The microservice architectural style is an approach to developing a single application as a suite of small services, each running in its own process and communicating with lightweight mechanisms, often an HTTP resource API.
These services are built around business capabilities and independently deployable by fully automated deployment machinery. There is a bare minimum of centralized management of these services, which may be written in different programming languages and use different data storage technologies.
Principles of microservice architecture:
- Scalability
- Availability
- Resiliency
- Independent, autonomous
- Decentralized governance
- Failure isolation
- Auto-Provisioning
- Continuous delivery through DevOps
Backend For Frontend (BFF) ?
The BFF is tightly coupled to a specific user experience, and will typically be maintained by the same team as the user interface, thereby making it easier to define and adapt the API as the UI requires, while also simplifying process of lining up release of both the client and server components. — Sam Newman
Why we need BFF & What problems we are solving?
Context:
Imagine we are building an online store that uses the Microservice architecture and that we are implementing the product page.
We need to develop multiple versions of the product details user interface:
- Web
- Mobile
- Tablet
- 3rd Party Integration API
Since our online store uses Microservices architecture, Our user interfaces are calling multiple services for the information.
Situation:
- The granularity of APIs provided by microservices is often different than what a user interface needs.
- Different user interface need different data.
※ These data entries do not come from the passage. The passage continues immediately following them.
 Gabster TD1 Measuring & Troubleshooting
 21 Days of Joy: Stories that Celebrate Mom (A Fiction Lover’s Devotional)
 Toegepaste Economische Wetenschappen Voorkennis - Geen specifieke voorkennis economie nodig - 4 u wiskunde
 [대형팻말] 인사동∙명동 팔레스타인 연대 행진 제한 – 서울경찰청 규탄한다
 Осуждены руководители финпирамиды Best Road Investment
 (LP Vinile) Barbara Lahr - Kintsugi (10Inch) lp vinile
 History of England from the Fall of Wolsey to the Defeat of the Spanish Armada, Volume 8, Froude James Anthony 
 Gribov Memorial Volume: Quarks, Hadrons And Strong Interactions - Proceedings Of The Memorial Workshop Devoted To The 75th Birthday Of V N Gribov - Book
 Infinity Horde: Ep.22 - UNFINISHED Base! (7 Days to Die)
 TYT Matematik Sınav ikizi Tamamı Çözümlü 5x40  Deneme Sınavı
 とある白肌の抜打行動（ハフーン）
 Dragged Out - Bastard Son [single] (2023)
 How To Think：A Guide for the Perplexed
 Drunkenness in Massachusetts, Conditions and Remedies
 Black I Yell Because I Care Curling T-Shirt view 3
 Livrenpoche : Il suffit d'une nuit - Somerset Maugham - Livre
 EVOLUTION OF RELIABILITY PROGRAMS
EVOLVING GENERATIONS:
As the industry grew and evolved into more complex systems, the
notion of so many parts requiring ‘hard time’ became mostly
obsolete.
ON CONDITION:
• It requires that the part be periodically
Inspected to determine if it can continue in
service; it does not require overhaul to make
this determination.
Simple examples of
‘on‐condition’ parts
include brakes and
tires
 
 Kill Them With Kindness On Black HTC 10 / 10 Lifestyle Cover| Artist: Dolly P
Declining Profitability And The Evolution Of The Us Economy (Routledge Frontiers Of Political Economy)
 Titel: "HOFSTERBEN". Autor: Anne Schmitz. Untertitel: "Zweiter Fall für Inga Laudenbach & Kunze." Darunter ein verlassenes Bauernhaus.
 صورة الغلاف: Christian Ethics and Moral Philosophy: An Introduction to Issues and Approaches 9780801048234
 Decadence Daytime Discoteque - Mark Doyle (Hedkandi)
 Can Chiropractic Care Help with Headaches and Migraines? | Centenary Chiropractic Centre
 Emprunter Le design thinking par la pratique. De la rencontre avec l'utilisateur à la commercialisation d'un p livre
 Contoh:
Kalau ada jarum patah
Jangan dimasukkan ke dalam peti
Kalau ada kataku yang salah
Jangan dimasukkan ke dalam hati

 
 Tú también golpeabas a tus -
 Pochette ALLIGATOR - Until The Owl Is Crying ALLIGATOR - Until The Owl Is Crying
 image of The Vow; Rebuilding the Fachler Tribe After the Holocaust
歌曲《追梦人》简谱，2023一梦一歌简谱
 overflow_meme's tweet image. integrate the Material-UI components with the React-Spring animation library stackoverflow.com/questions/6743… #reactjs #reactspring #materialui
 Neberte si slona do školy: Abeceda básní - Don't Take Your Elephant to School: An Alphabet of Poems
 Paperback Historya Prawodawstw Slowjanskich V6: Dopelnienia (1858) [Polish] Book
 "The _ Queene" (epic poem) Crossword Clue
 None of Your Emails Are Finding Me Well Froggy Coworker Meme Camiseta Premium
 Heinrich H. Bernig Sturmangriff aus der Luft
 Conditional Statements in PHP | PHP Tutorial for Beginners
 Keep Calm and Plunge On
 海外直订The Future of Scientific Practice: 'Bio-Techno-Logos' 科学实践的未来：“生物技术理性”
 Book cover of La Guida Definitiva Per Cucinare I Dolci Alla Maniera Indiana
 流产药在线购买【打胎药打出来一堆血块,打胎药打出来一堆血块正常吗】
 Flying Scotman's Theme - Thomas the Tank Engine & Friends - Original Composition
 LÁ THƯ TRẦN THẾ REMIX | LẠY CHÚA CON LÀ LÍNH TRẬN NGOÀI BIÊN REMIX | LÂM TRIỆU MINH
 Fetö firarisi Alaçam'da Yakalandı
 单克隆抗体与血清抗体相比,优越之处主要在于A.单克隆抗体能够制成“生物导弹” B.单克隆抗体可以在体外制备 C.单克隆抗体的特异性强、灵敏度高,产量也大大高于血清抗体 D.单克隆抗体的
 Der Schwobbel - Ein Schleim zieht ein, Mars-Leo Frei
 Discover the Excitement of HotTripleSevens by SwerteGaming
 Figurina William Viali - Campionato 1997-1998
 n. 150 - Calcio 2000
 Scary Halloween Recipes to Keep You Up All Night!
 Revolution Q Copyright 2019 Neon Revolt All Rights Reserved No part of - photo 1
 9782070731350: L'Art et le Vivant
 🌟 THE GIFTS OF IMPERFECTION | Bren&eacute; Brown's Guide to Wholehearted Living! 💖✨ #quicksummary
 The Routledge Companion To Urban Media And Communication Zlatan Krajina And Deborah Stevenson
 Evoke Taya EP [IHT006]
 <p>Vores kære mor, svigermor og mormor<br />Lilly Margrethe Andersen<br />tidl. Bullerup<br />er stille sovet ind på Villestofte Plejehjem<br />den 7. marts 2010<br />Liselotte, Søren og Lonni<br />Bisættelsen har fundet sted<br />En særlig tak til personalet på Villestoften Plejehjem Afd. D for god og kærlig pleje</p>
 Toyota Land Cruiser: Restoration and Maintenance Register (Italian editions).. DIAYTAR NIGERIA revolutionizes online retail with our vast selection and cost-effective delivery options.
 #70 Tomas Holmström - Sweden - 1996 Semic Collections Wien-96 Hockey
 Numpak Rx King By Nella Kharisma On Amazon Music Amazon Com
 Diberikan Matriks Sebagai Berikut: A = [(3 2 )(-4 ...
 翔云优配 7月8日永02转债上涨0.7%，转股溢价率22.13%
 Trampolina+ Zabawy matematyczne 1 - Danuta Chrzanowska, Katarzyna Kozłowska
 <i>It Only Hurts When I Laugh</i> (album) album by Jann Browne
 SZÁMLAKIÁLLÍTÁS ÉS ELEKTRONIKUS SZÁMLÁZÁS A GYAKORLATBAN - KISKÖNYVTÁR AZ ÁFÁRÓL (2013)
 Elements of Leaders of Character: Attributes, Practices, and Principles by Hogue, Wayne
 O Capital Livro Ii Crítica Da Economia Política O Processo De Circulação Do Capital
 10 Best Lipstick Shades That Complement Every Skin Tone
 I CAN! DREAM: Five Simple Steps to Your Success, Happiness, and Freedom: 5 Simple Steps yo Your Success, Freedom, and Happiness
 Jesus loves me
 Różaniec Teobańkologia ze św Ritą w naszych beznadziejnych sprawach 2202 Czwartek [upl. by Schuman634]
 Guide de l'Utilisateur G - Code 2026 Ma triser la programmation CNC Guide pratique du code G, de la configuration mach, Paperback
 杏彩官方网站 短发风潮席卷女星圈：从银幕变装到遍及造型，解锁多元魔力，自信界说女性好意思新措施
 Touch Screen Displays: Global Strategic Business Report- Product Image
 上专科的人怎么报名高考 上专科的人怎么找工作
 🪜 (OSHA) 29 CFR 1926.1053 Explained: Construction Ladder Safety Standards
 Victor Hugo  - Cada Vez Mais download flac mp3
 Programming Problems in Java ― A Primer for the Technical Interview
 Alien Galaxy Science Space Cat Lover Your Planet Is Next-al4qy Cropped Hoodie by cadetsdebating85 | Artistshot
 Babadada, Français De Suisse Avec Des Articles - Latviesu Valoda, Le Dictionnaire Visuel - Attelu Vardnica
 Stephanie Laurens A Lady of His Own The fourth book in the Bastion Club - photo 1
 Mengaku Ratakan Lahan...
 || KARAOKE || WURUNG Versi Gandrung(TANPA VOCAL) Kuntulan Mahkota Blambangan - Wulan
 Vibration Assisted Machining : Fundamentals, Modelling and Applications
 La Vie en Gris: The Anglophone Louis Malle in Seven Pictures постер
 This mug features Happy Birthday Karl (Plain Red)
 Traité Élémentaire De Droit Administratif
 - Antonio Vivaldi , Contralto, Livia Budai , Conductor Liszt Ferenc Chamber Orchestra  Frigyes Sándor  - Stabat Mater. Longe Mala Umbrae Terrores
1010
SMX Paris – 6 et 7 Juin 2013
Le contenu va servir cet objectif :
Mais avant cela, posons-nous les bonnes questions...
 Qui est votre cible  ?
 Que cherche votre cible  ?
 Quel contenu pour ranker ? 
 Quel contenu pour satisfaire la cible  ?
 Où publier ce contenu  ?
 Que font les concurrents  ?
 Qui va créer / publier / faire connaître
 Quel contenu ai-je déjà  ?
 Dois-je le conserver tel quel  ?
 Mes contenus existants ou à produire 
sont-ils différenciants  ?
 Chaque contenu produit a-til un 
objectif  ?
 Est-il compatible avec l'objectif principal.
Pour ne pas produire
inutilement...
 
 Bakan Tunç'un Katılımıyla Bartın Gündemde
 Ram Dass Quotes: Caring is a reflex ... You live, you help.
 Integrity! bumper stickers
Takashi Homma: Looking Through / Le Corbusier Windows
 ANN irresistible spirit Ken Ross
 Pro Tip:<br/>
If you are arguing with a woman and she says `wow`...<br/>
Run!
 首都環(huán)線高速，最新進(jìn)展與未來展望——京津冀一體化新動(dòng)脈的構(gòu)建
For example, the web browser version of a product details page is typically more elaborate then the mobile version.
- Network performance is different for different types of user interface.
- Partitioning into services can change over time and should be hidden from user interfaces.
- Services might use a diverse set of protocols.
Solution:
A BFF is created as an interface between each API consumer and a shared API or data resource. The BFF implements API logic that is specific to that particular application. It’s essentially a translation layer that ensures data is transformed specifically to suit the needs of that particular client. Clients might be using multiple APIs, in which case, the BFF can also act as an API gateway that is defined just for a single application. It will perform the task of aggregating and combining all the data from a set of APIs into a common format that is convenient for the client.
What are the benefits of this? Firstly, it’s easier to adopt the API as UI requirements change. As a frontend developer, now instead of having to wait for the API team to create a particular endpoint for you or integrate a new field, or a new set of data, you now have the power to just go ahead and make those changes yourself. It also simplifies the process of lining up server and client releases. Now that one team manages both the UI and the API, there’s no longer coordination that has to happen between a frontend and a backend team. Thirdly, because it’s focused, the BFF API will be smaller than the shared single purpose API. It’ll probably be easier to understand and navigate and will probably have smaller payloads if it’s a REST API. Finally, you’re able to aggregate multiple calls to downstream APIs into a single call to the BFF, which is a lot simpler and often more performant.
- An API Gateway/BFF is the single point of entry for any microservice call.
- It can work as a proxy service to route a request to the concerned microservice, abstracting the producer details.
- It can fan out a request to multiple services and aggregate the results to send back to the consumer.
- One-size-fits-all APIs cannot solve all the consumer’s requirements; this solution can create a fine-grained API for each specific type of client.
- It can also convert the protocol request (e.g. AMQP) to another protocol (e.g. HTTP) and vice versa so that the producer and consumer can handle it.
- It can also offload the authentication/authorization responsibility of the microservice.
One or More BFF?
so how many BFF(s) should you go for? The BFF pattern recommends building one API per client. That means that each frontend essentially has its own custom API, which is built and maintained by the same team as the frontend.
Conclusion:
BFF offers a good way to enable teams building different client-facing apps to be in charge of their own destiny. This autonomy is crucial to iterate quickly on the client apps and deliver good experience/features fast. By supporting change, BFF supports evolutionary design and moves the whole system into a better, less-coupled state and then a big single purpose API.